Shipping lines are “blanking” – holding vessels from sailing – thereby reducing overall slots available to shippers, by up to 5 percent of capacity on the Asia to Europe trades according to consultants Maritime Strategies International (MSI).
Asian export cargo to Europe remains weak and is expected to only grow at the rate of around 2 percent this year, said the latest MSI monthly container shipping market report.
“The situation is not particularly great, but it’s not unusual either,” Daniel Richards, an MSI analyst told FreightWaves. He added, “The outlook is for more blanked sailings because the demand data is weak and port throughput is down, which should mean that the second and third quarter rates will pick up again.”
According to the MSI report, carriers have announced nine sailings will be cut in May, totaling 115,000 twenty-foot equivalent units (TEU). With forecasts for moderate volume growth and with other scheduled sailings going ahead, the consultants expect vessel utilization to pick up in the coming weeks.

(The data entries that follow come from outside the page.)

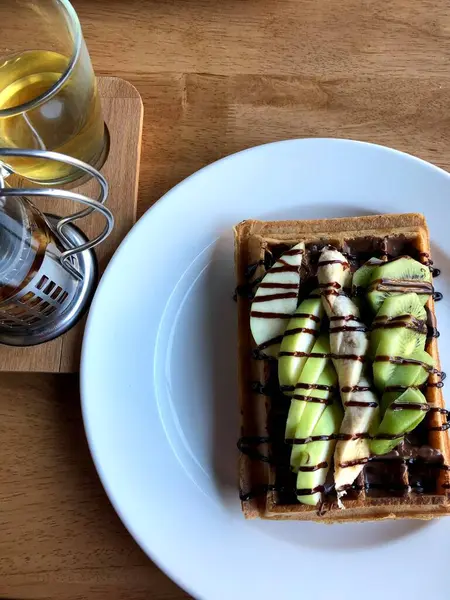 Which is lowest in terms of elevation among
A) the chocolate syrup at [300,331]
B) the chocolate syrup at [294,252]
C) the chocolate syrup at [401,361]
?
the chocolate syrup at [401,361]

“However, it will take either a similar volume of blanked sailings, or else 5+ percent demand growth, to bring load factors [vessel utilization] back up to around 90 percent,” MSI forecast in its report.

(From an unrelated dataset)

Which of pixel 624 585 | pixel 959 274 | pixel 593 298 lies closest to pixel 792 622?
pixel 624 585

Richards said, “It’s not a golden age of profit [for container shipping] and bunker [ship’s fuel] costs are also going to hit shipping lines’ profits, but even so it is reasonable to assume that freight rates will be between 5 and 10 percent higher than 2018 going into the peak season, in the third quarter.”
The Freightos Baltic Daily Index for the China to Northern Europe trade hit a 12-month low at the end of March, at 1,029 points, but had picked up in April, reaching 1,207 by 21 April.
Rates declined some 15 percent mainly due to the Chinese New Year (a seasonal dip). The China to Mediterranean Freightos Daily Index also declined after the Asian New Year, recovering by 7 April to over 2,464 points before declining sharply over the subsequent two weeks to 1,487.